⟨

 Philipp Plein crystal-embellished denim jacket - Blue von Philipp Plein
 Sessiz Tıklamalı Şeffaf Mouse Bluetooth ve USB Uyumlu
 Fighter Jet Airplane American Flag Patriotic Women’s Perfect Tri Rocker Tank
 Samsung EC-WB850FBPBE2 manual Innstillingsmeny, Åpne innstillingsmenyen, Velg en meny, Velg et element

⟩
⟨

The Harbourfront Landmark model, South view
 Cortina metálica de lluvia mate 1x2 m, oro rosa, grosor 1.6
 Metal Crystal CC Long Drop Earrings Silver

⟩
⟨

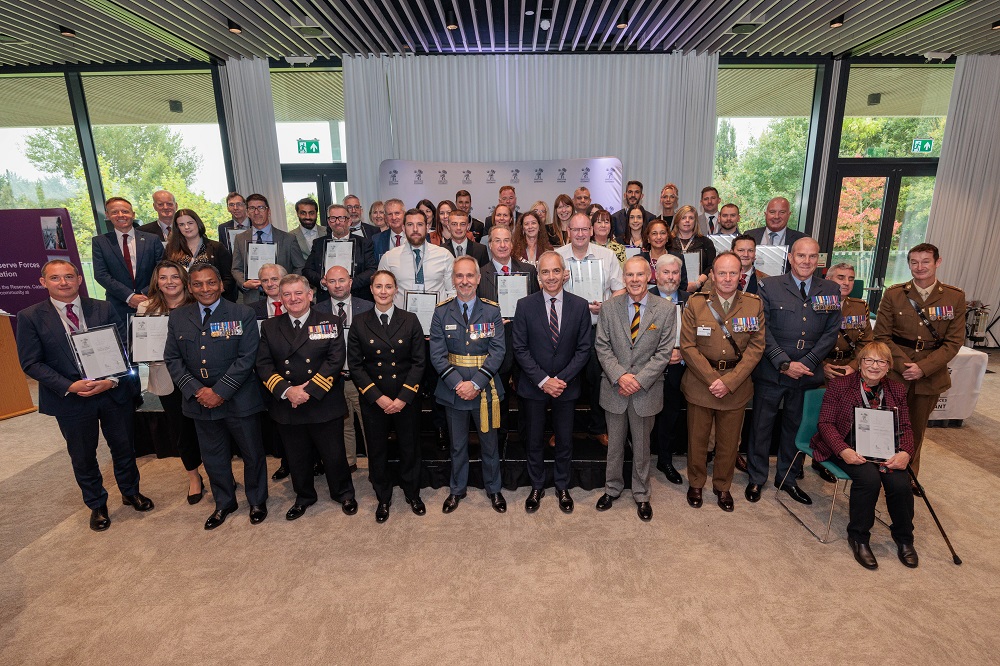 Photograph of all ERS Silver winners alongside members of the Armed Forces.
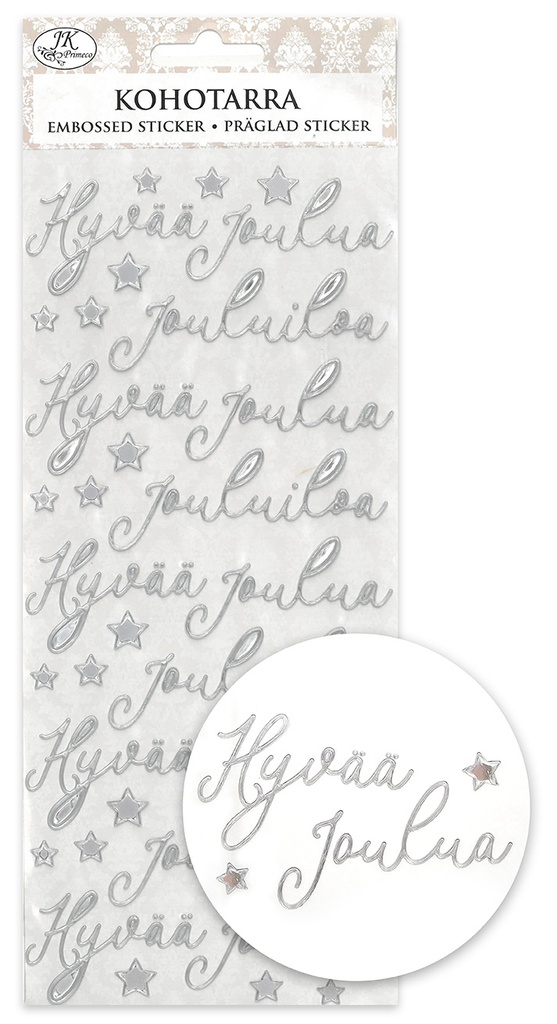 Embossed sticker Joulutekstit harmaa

⟩

* [What you should do]
In the entries above, the lines from the one bearing "Philipp Plein crystal-embellished" up to and including the one bearing "Samsung EC-WB850FBPBE2 manual" should be transcribed exactly; no other line is wanted.

* [Response for this exercise]
 Philipp Plein crystal-embellished denim jacket - Blue von Philipp Plein
 Sessiz Tıklamalı Şeffaf Mouse Bluetooth ve USB Uyumlu
 Fighter Jet Airplane American Flag Patriotic Women’s Perfect Tri Rocker Tank
 Samsung EC-WB850FBPBE2 manual Innstillingsmeny, Åpne innstillingsmenyen, Velg en meny, Velg et element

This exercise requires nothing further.